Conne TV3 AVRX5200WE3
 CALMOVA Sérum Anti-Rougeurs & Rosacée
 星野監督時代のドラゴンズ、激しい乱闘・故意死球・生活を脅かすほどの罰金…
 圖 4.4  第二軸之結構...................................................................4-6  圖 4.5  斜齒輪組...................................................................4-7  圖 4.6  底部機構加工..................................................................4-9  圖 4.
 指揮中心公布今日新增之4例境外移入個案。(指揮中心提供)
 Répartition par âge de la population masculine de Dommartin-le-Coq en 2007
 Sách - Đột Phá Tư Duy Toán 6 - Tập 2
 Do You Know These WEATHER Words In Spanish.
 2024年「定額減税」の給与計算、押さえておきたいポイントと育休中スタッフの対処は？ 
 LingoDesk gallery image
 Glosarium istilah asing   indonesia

--------------------------------------------------

§ **What the task requires**
Please output only the lines from the first line of the entries through the line with "指揮中心公布今日新增之4例境外移入個案。(指揮中心提供)", both included, exactly as written.

§ **Solution for this problem**
Conne TV3 AVRX5200WE3
 CALMOVA Sérum Anti-Rougeurs & Rosacée
 星野監督時代のドラゴンズ、激しい乱闘・故意死球・生活を脅かすほどの罰金…
 圖 4.4  第二軸之結構...................................................................4-6  圖 4.5  斜齒輪組...................................................................4-7  圖 4.6  底部機構加工..................................................................4-9  圖 4.
 指揮中心公布今日新增之4例境外移入個案。(指揮中心提供)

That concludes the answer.